Julukan Boyolali sebagai Kota Susu tinggal 10 tahun lagi. Setelah itu hanya patung-patung sapi yang akan jadi saksi bisu di kota tersebut. Julukan sebagai Kota Susu terancam hilang karena trauma peternak dengan wabah penyakit kuku dan mulut (PMK) dan tidak adanya regenerasi peternak sapi perah.
***
Eka Desi Fitriasari (21) menatap lahan kosong di belakang kandang sapi milik orang tuanya di Dusun Kebonrejo, Desa Tambak. Lahan sekitar 200 meter persegi itu belum lama orang tuanya beli. Tujuannya tentu saja untuk memperluas kandang sapi yang mereka miliki.
Mahasiswi yang akrab dipanggil Triyas ini adalah sedikit dari anak muda di kampungnya yang punya keinginan untuk meneruskan usaha peternakan milik orang tuanya. Dari usaha sapi perah orang tuanya itu lah ia kini bisa kuliah di Sekolah Vokasi Jurusan Agribisnis Universitas Negeri Sebelas Maret (UNS). “Saya ingin meneruskan usaha orang tua saya, tentu dengan cara yang lebih modern,” kata Triyas saat berbincang dengan Mojok, Selasa (14/11/2023).
Anak muda Boyolali tak tertarik ternak sapi perah
Bagi Triyas, merawat sapi perah sudah ia lakukan sejak kecil. Mulai dari membersihkan kandang, memandikan sapi hingga memerah sapi rutin ia lakukan. Baru ketika ia kuliah aktivitas rutin itu tidak ia lakukan karena harus keluar kota.
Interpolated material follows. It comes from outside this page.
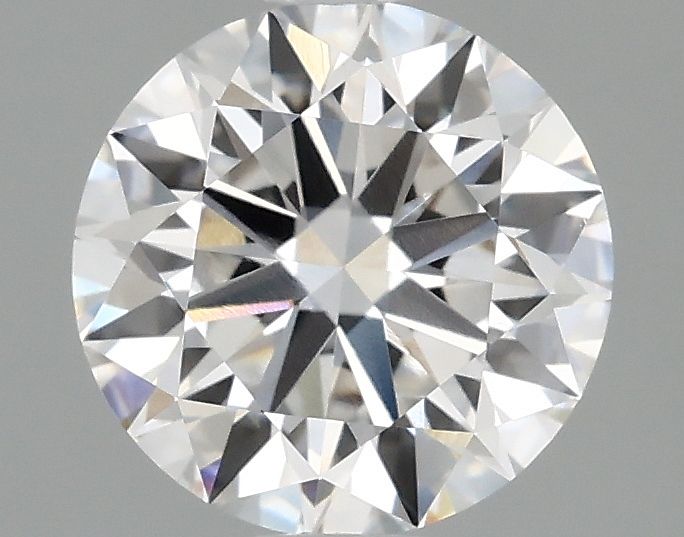 1.56 ct. round Lab Grown Diamond front image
Soal memerah sapi, tidak semua teman-teman sebayanya yang bisa. Ia juga sedikit dari anak muda di kampungnya yang mau meneruskan ternak sapi perah milik orang tua. Bagi anak-anak muda seusianya, bekerja di pabrik adalah pilihan menarik.
“Mereka mungkin berpandangan kalau ternak sapi kan jorok, kotor, jadi pilih ke pabrik,” kata Triyas.
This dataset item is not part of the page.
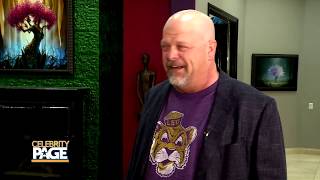 Rick Harrison of Pawn Stars Gives Grand Tour of His Home  Celebrity Page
Ia menambahkan, perempuan seumurannya atau satu angkatan di kampungnya, hanya dia yang melanjutkan kuliah. Sebagian besar bekerja di pabrik atau ada juga yang menikah. “Kalau saya inginnya meneruskan usaha orang tua, tapi lebih modern, misal dari sisi pakan, bisa buat pakan fermentasi, sehingga nggak kesulitan pakan seperti sekarang ini di musim kemarau,” kata Triyas.
Ia tahu, tantangan jadi peternak sapi perah itu sangat berat, namun di sisi lain ia optimis bisa meneruskan usaha kecil peternakan sapi milik orang tuanya.
Sriyadi (46) orang tua Triyas, membenarkan bahwa ternak sapi perah itu tidak mudah. Ia sudah lebih dari 25 tahun menjadikan susu dari sapi perah sebagai sumber pendapatan keluarga. Sebelumnya ia sempat merantau, sampai kemudian memutuskan pulang ke kampung halaman untuk meneruskan usaha orang tuanya.
“Kemarin sempat punya 12 sapi perah, tapi dua sapi perah dewasa mati kena PMK dan LSD, kemudian yang anak-anak ada tiga yang mati,” kata Sriyadi.
Kini ada 10 sapi di rumahnya, terdiri sapi perah dewasa ada 4 dan 6 sapi perah yang masih anak-anak. Menurut Sriyadi, wabah PMK beberapa tahun lalu cukup membuat trauma para peternak sapi dan banyak yang enggan untuk meneruskannya. Namun, baginya, beternak sapi adalah satu-satunya pilihan. Apalagi, dari sapi perah itu ia bisa menghidupi keluarganya, menyekolahkan anaknya hingga kuliah.